Architecture of the Auto-Sync framework

This document is split into four parts.

  1. An overview of the update process and which subcomponents of auto-sync do what.
  2. The instructions how to update an architecture which already supports auto-sync.
  3. Instructions how to refactor an architecture to use auto-sync.
  4. Notes about how to add a new architecture to Capstone with auto-sync.

Please read the section about capstone module design in ARCHITECTURE.md before proceeding. The architectural understanding is important for the following.

Update procedure

As already described in the ARCHITECTURE document, Capstone uses translated and generated source code from LLVM.

Because LLVM is written in C++ and Capstone in C the update process is internally complicated but almost completely automated.

auto-sync categorizes source files of a module into three groups. Each group is updated differently.

File type Update method Edits by hand
Generated files Generated by patched LLVM backends Never/Not allowed
Translated LLVM C++ files CppTranslater and Differ Only changes which are too complicated for automation.
Capstone files By hand all

Let's look at the update procedure for each group in detail.

Note: The only exception to touch generated files is via git patches. This is the last resort if something is broken in LLVM, and we cannot generate correct files.

Generated files

Generated files always have the file extension .inc.

There are generated files for the LLVM code and for Capstone. They can be distinguished by their names:

  • For Capstone: <ARCH>GenCS<NAME>.inc.
  • For LLVM code: <ARCH>Gen<NAME>.inc.

The files are generated by refactored LLVM TableGen emitter backends.

The procedure looks roughly like this:

                                                                   ┌──────────┐
    1               2                 3                4           │CS .inc   │
┌───────┐     ┌───────────┐     ┌───────────┐     ┌──────────┐  ┌─►│files     │
│ .td   │     │           │     │           │     │ Code-    │  │  └──────────┘
│ files ├────►│ TableGen  ├────►│  CodeGen  ├────►│ Emitter  ├──┤
└───────┘     └──────┬────┘     └───────────┘     └──────────┘  │  ┌──────────┐
                     │                                 ▲        └─►│LLVM .inc │
                     └─────────────────────────────────┘           │files     │
                                                                   └──────────┘
  1. LLVM architectures are defined in .td files. They describe instructions, operands, features and other properties of an architecture.

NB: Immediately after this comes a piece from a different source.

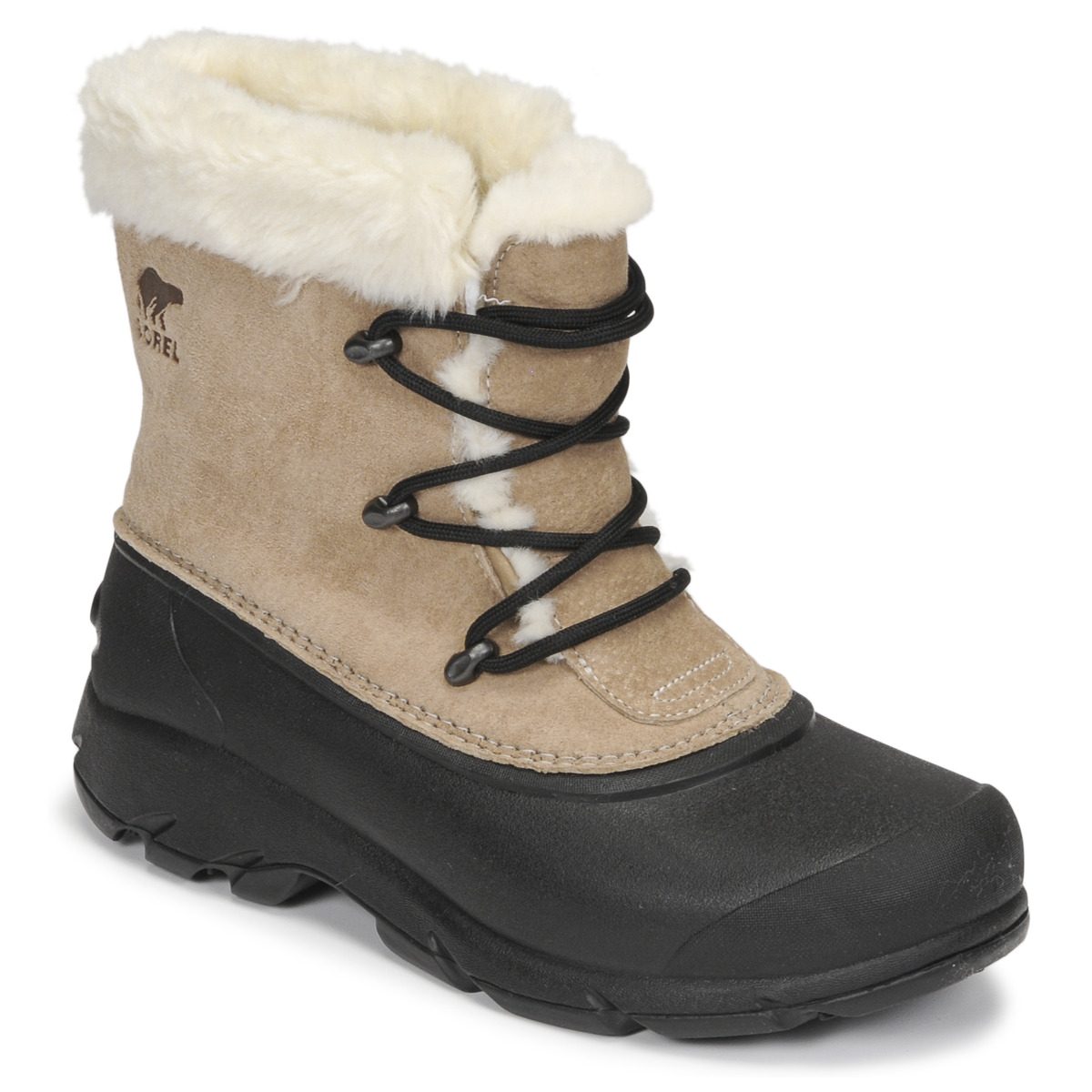 Sorel - SNOW ANGEL - Beige / Black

  2. LLVM TableGen parses these files and converts them to an internal representation.

  3. In the second step a TableGen component called CodeGen abstracts the these properties even further. The result is a representation which is not specific to any architecture (e.g. the CodeGenInstruction class can represent a machine instruction of any architecture).

  4. The Code-Emitter uses the abstract representation of the architecture (provided from CodeGen) to generated state machines for instruction decoding. Architecture specific information (think of register names, operand properties etc.) is taken from TableGen's internal representation.

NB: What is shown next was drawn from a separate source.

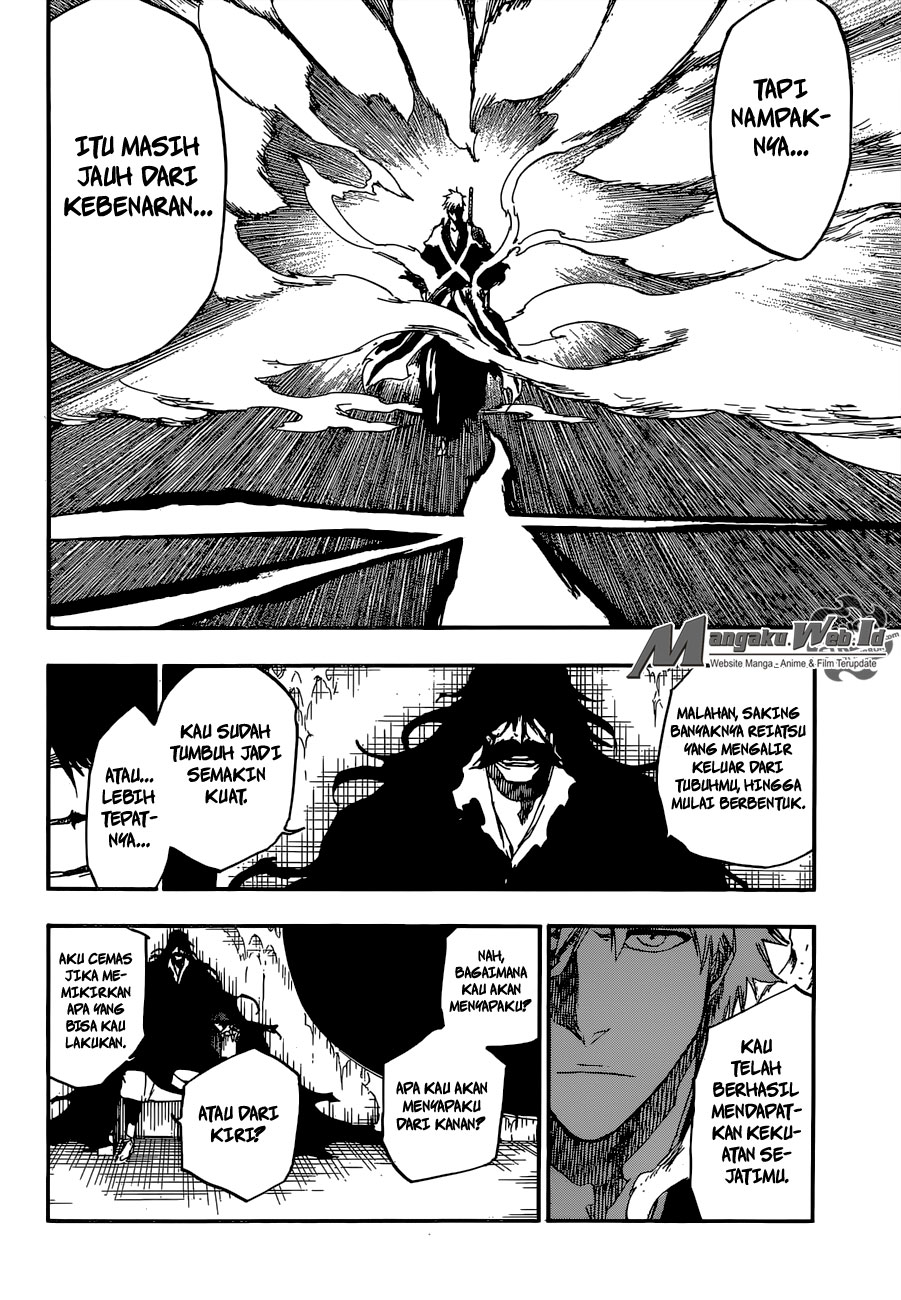 Bleach chapter 673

The result is emitted to .inc files. Those are included in the translated C++ files or Capstone code where necessary.

Translation of LLVM C++ files

We use two tools to translate C++ to C files.

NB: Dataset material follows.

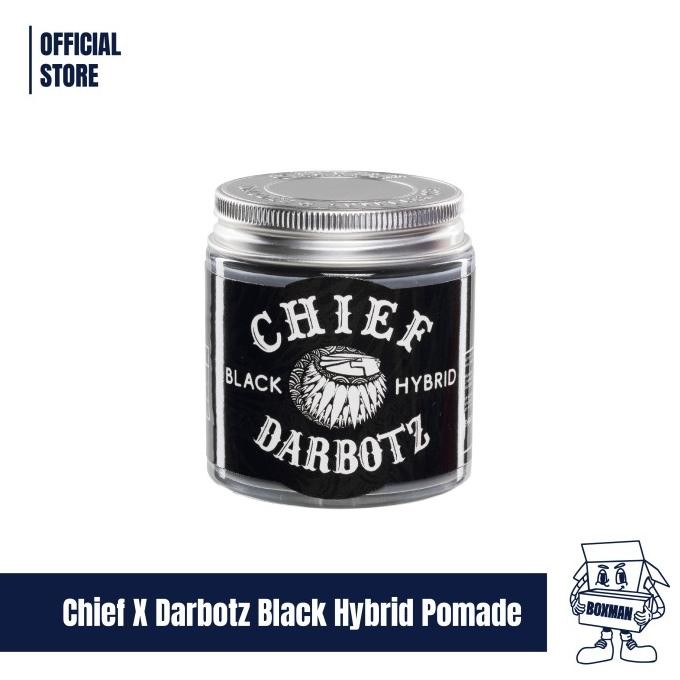 Murah Chief Pomade Black Hybrid X Darbotz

First the CppTranslator and afterward the Differ.

The CppTranslator parses the C++ files and patches C++ syntax with its equivalent C syntax.

Note: For details about this checkout suite/auto-sync/CppTranslator/README.md.

Because the result of the CppTranslator is not perfect, we still have many syntax problems left.

Those need to be fixed partially by hand.

Differ

In order to ease this process we run the Differ after the CppTranslator.

The Differ compares our two versions of C files we have now. One of them are the C files currently used by the architecture module. On the other hand we have the translated C files. Those are still faulty and need to be fixed.

Most fixes are syntactical problems. Those were almost always resolved before, during the last update. The Differ helps you to compare the files and let you select which version to accept.

Sometimes (not very often though), the newly translated C files contain important changes. Most often though, the old files are already correct.

The Differ parses both files into an abstract syntax tree and compares certain nodes with the same name (mostly functions).

The user can choose if she accepts the version from the translated file or the old file. This decision is saved for every node. If there exists a saved decision for two nodes, and the nodes did not change since the last time, it applies the previous decision automatically again.

The Differ is far from perfect. It only helps to automatically apply "known to be good" fixes and gives the user a better interface to solve the other problems. But there will still be syntax errors left afterward. These must be fixed by hand.